Induction of macrophage suppressor activity by fibrosarcoma-derived transforming growth factor-beta 1: contrasting effects on resting and activated macrophages.

Tumor-derived transforming growth factor-beta 1 (TGF-beta 1) suppresses several immune responses. Because tumor growth induces macrophage (m phi) suppressor activity, we determined whether murine fibrosarcoma-derived TGF-beta 1 contributed to m phi-mediated suppression of autoantigen- and alloantigen-stimulated T cell proliferation. The murine fibrosarcoma Meth-KDE cell line constitutively produced TGF-beta 1. Meth-KDE tumor-bearing host (TBH) syngeneic splenic m phi s suppressed autoantigen- and alloantigen-stimulated normal host (NH) CD4+ T cell proliferation. Pretreatment with Meth-KDE supernatants induced NH m phi s to suppress T cell proliferation as much as TBH m phi s.

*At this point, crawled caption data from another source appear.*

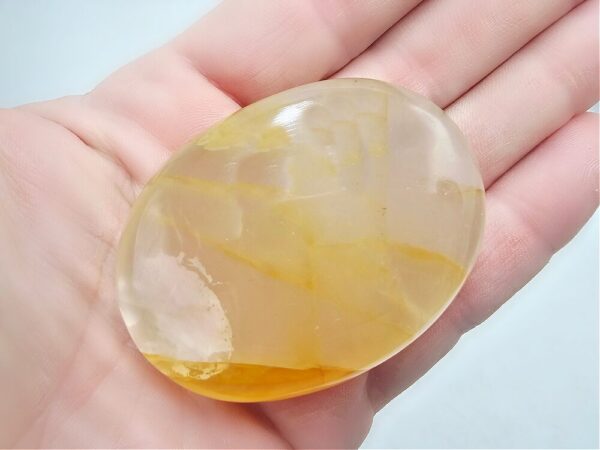Hematoid Quartz Palm Stone (Golden Healer) F (83g)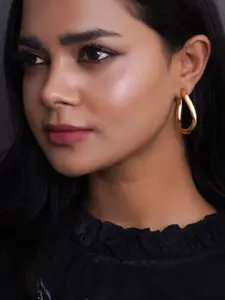 Adwitiya Collection Gold Plated Circular Shaped Half Hoop Earrings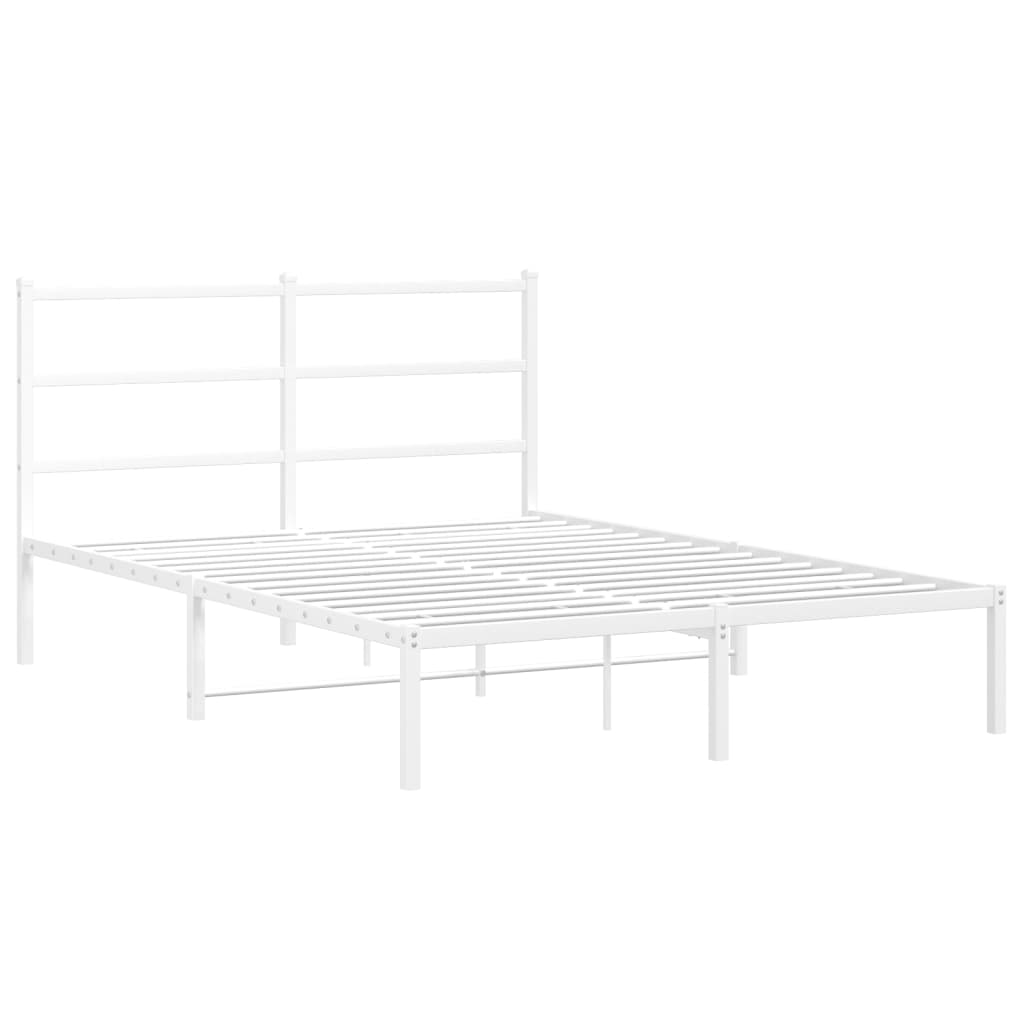 Metal Bed Frame with Headboard White 135x190 cm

Anti-TGF-beta 1 antibody treatment reversed Meth-KDE-induced NH m phi-mediated suppression. Recombinant TGF-beta 1-induced m phi-mediated suppression was not blocked during inhibition of prostaglandin E2 (PGE2), nitric oxide (NO), or TGF-beta 1 production. However, Meth-KDE-induced m phi-mediated suppression was partly reduced when PGE2 production was inhibited. Pretreatment with tumor cell-derived TGF-beta 1, but not recombinant TGF-beta 1, increased activated m phi PGE2 production. These results show that additional tumor-derived molecules aid in TGF-beta 1-enhanced PGE2 production. Also, TGF-beta 1 alone up-regulates m phi synthesis of suppressor molecules that are different from PGE2, NO, and TGF-beta 1. Although TGF-beta 1 has direct suppressor activity on lymphocytes, these results show that release of tumor cell TGF-beta 1 also induces m phi suppressor activity.